• Aim of the exercise: Return only the lines of the data below from the line with "Smartphone Samsung Galaxy" up to and including the line with "Dark fantasy illustration", exactly as written, with the pictures omitted.

• Records provided:
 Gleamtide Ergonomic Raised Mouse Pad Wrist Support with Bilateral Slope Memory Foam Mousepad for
* * *
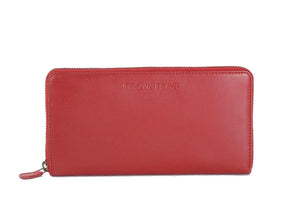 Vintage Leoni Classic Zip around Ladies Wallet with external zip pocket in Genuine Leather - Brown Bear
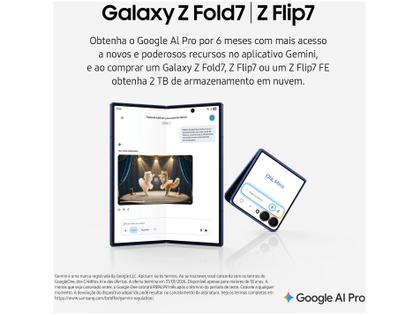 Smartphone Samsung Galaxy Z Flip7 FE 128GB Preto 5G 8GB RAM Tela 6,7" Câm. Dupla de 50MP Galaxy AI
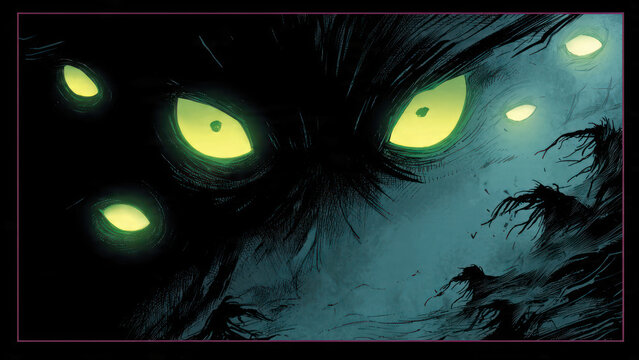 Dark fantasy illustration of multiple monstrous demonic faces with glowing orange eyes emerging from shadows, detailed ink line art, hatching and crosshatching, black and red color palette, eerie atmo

• Written answer:
 Smartphone Samsung Galaxy Z Flip7 FE 128GB Preto 5G 8GB RAM Tela 6,7" Câm. Dupla de 50MP Galaxy AI
 Dark fantasy illustration of multiple monstrous demonic faces with glowing orange eyes emerging from shadows, detailed ink line art, hatching and crosshatching, black and red color palette, eerie atmo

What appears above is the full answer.